I'm making progress with my plot. In all the writing I've done previously, I've started with characters and then created a story. This time I'm starting with a plot and adding characters. In terms of craft it's a pretty subtle difference, and I'm approaching my outline the same way I normally would. But it feels weird to me because there are some characters who I don't have names for yet. I'm not good with names anyway. So I just think of them as "so and so" or as someone's dad or friend or goat. Actually that's not entirely true. The goat's name is Una.

My plan is to spend the rest of this month outlining, and launch into the actual writing beginning in June. I've tweaked my schedule and hopefully soon I'll feel more comfortable with this writing like it's a job thing. If you're reading this and you're one of my writer friends, I'll finally be ready to do some writing sprints in June so hit me up on Facebook and Twitter and stuff.

Today's blog is short (like me, haha) but I wanted to check in and update things for those of you who have been asking "how's the writing going?" Short answer: I'm happy with my progress. Long answer: Weeelll, I'm technically not exactly writing, not yet anyway. But I have most of a plot and I'm going to to some pretty mean things to my main character and I think she has a pet goat. I'm looking forward to writing this book. It might be painful but I think it will be good.

Wednesday, April 20, 2016

On Research (and Libraries)

I'm a week into my cleaning and research projects, and I'm excited to announce that I have an acceptable place to write while I'm at home, a weekly schedule that includes daily and weekly tasks I've been bad about neglecting lately, a stack of books from my library awaiting perusal, and a TBR (To Be Read) list that is growing daily.

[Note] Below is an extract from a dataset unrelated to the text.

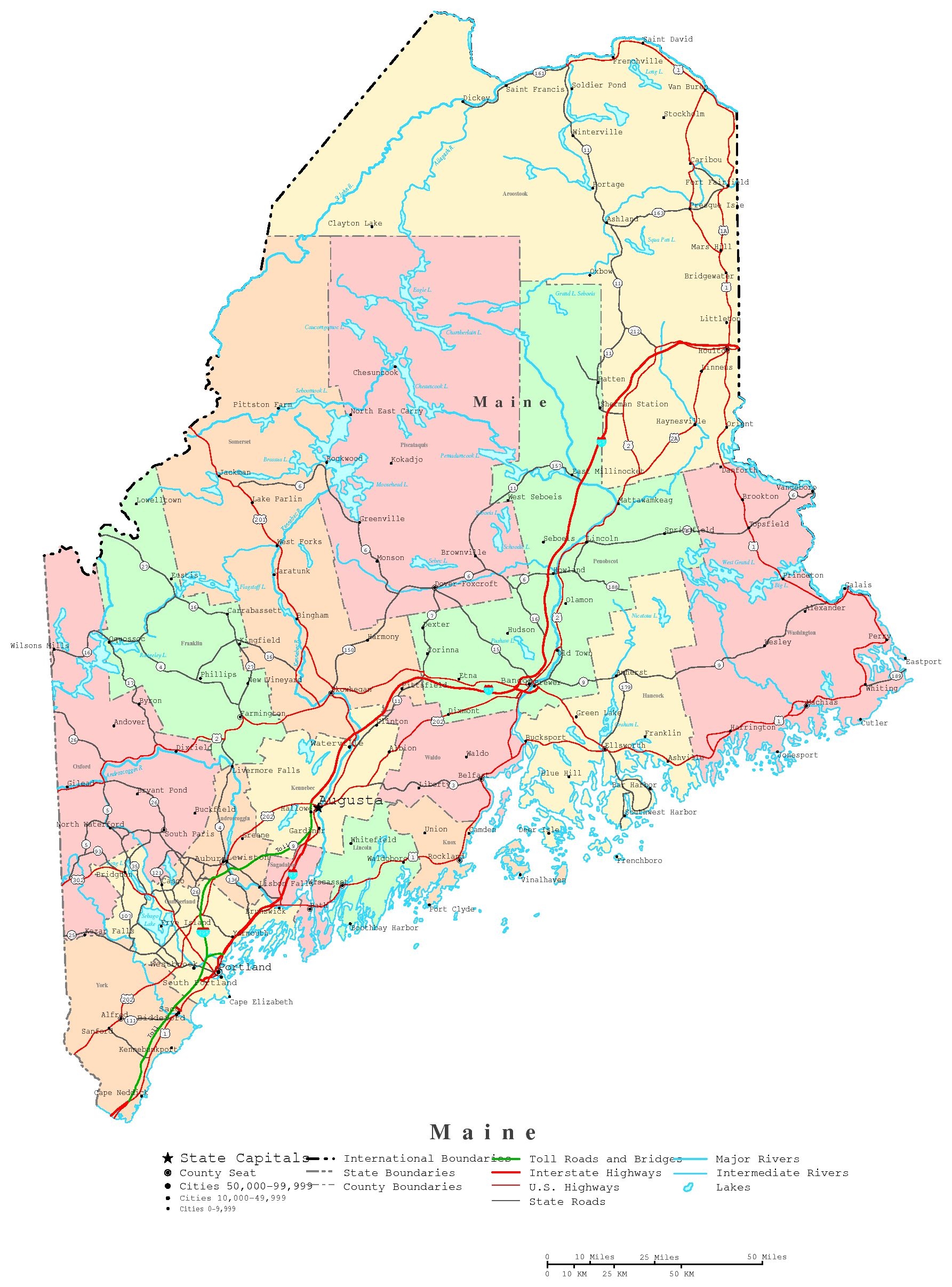 Maine Printable Map Maine Printable Map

I love books. I love real, physical books most of all but there are advantages to ebooks as well. Mostly, I'm finding, one of the advantages is availability. It feels strange to say this, with my dust-collecting Master's degree being less than ten years old, but I come from an old-school library background. Maybe transitional is a better word. We did online classes and electronic databases but the physical collection, number of volumes as well as useful content, was still a matter of pride. Shelf space was as issue. My experience was also limited to academic libraries. So I was somewhat surprised during my trip to the local public library to discover that they have weeded out a large portion of their physical collection. There are still books available, but many of them have been dispersed among various branches. Luckily for me they have a terrific hold system which allows me to place holds on items, even from home, even for books held in my "home" branch's collection, and pick them up in the holds area the next day. As a former library assistant in Interlibrary Loan who delighted in rejecting patron requests because they were available in our physical collection (I'm a much nicer person now), I admit I find this system perfectly suited to my needs, and I take full advantage of it. Hey if they want to let clerks comb the shelves for potentially misshelved or missing items and save me the trouble of doing that myself, I say go for it. And then of course there's the whole world of internet and electronic resources. In this modern age, I can do all the research I need from home, or if that is too loud and crazy, my neighborhood Starbucks.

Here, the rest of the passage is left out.